= Kay Toliver =

Teacher

Kay Toliver

Kay Toliver is a teacher specialising in mathematics education.

==Background==

Kay Toliver was born and raised in East Harlem and the South Bronx. A product of the New York City public school system, she graduated from Harriet Beecher Stowe Junior High, Walton High School and Hunter College (AB 1967, MA 1971) with graduate work at the City College of New York in mathematics.

For more than 30 years, Kay Toliver taught mathematics and communication arts at P.S. 72/East Harlem Tech in Community School District 4. Prior to instructing seventh and eighth grade students, she taught grades one through six for 15 years.

"Becoming a teacher was the fulfillment of a childhood dream. My parents always stressed that education was the key to a better life. By becoming a teacher, I hoped to inspire African-American and Hispanic youths to realize their own dreams. I wanted to give something back to the communities I grew up in."

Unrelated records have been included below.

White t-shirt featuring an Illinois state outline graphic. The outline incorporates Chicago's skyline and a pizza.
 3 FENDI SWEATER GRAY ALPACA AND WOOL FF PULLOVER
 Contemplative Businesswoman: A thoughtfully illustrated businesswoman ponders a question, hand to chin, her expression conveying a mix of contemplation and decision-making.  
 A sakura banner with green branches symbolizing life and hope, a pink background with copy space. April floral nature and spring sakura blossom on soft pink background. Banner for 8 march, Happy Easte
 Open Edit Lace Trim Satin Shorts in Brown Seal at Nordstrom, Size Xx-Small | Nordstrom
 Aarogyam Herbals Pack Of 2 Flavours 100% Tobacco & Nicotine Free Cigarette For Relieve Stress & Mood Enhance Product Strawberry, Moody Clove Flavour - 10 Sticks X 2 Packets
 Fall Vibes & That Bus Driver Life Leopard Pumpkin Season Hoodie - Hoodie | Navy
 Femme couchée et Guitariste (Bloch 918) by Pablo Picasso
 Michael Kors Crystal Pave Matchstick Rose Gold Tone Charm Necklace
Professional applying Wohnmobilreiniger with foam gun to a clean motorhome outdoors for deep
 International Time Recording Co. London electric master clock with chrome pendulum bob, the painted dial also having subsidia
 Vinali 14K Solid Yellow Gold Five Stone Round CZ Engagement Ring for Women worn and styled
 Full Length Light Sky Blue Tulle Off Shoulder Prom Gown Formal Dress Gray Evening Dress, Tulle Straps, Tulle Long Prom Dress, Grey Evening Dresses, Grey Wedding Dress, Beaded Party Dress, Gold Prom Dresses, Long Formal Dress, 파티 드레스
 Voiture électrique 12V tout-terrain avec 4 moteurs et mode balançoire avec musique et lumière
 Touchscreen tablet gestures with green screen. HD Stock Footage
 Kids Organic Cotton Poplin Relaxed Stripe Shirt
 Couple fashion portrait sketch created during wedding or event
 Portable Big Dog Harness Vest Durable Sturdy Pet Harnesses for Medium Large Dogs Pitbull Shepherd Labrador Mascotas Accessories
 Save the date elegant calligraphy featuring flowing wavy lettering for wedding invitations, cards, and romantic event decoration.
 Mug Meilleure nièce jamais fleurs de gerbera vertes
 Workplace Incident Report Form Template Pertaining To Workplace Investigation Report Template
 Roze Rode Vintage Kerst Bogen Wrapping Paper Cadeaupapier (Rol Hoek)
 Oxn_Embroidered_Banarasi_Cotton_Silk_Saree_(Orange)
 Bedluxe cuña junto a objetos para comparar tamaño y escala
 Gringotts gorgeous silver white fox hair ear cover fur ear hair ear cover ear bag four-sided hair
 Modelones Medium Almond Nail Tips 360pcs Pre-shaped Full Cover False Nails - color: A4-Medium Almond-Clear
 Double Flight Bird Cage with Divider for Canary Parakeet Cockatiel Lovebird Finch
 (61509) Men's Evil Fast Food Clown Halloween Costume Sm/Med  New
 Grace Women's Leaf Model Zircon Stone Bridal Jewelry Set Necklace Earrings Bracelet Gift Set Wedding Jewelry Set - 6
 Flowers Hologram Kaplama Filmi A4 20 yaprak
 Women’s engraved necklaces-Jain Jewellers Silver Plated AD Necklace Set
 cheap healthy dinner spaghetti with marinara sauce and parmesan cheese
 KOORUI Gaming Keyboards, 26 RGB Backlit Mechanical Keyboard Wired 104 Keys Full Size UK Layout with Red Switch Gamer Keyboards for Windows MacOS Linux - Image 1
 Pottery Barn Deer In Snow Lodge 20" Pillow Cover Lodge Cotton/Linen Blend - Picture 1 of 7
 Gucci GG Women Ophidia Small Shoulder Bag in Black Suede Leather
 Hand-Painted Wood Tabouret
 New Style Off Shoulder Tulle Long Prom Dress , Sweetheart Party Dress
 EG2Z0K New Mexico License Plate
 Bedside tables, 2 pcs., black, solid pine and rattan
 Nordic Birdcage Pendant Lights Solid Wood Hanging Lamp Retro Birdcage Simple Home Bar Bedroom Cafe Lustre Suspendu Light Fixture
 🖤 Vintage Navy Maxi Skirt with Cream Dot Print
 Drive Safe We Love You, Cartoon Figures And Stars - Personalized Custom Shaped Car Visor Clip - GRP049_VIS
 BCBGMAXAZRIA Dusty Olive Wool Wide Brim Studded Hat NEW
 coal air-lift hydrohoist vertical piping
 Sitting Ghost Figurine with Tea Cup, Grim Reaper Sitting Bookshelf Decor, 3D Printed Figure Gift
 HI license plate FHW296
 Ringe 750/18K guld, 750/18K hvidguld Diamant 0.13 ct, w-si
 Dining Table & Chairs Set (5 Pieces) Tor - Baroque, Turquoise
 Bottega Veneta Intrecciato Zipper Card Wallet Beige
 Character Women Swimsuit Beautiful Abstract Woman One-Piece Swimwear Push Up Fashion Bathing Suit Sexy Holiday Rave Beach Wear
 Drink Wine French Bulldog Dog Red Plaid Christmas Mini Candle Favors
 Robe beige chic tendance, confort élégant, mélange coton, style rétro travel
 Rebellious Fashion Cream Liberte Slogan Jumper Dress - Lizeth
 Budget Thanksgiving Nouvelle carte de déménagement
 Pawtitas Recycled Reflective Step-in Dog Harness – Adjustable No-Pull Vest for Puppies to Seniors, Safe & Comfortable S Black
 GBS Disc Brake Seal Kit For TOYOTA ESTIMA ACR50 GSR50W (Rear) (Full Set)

At East Harlem Tech, with the support of her principal, she established the "Challenger" program. The program, for grades 4-8, presents the basics of geometry and algebra in an integrated curriculum. This is a program for "gifted" students, but following her belief that all children can learn, she accepted students from all ability levels.

==Teaching methods==
===The Math Fair===

These events are similar to science fairs but involve students in creating and displaying projects relating to mathematics. Participants had to be able to explain thoroughly the mathematical theories and concepts behind their projects, which were placed on display at the school so that students from the lower grades could examine the older students' research. Students have created mathematic games such as "Dunking for Prime Numbers," "Fishing for Palindromes," and "Black Jack Geometry."

===The Math Trail===

Kay Toliver developed a lesson called the "Math Trail" to give students an appreciation for the community as well as an opportunity to see mathematics at work. To create a Math Trail, the class must first do some research on the history of the community. Then, they are instructed to plot a course, starting from the school building, that leads the class through the community and back to school, with stops along the way to visit several sites and create math problems about various real-life situations.

== Teaching Honors ==

- Presidential Awardee Secondary Mathematics, State and National levels
- Reliance Award for Excellence in Education, Middle School
- Outstanding Teacher for Mathematics Instruction, Disney American Teacher Awards
- Fellow of FAME (Foundation for the Advancement of Mathematics Education)
- Featured in the Peabody Award-winning PBS special, "Good Morning Miss Toliver," and the Peabody Award-winning classroom series, "The Eddie Files".
- Outstanding Educator of the Year, National Conference on Diversity in the Scientific and Technological Workforce (National Science Foundation).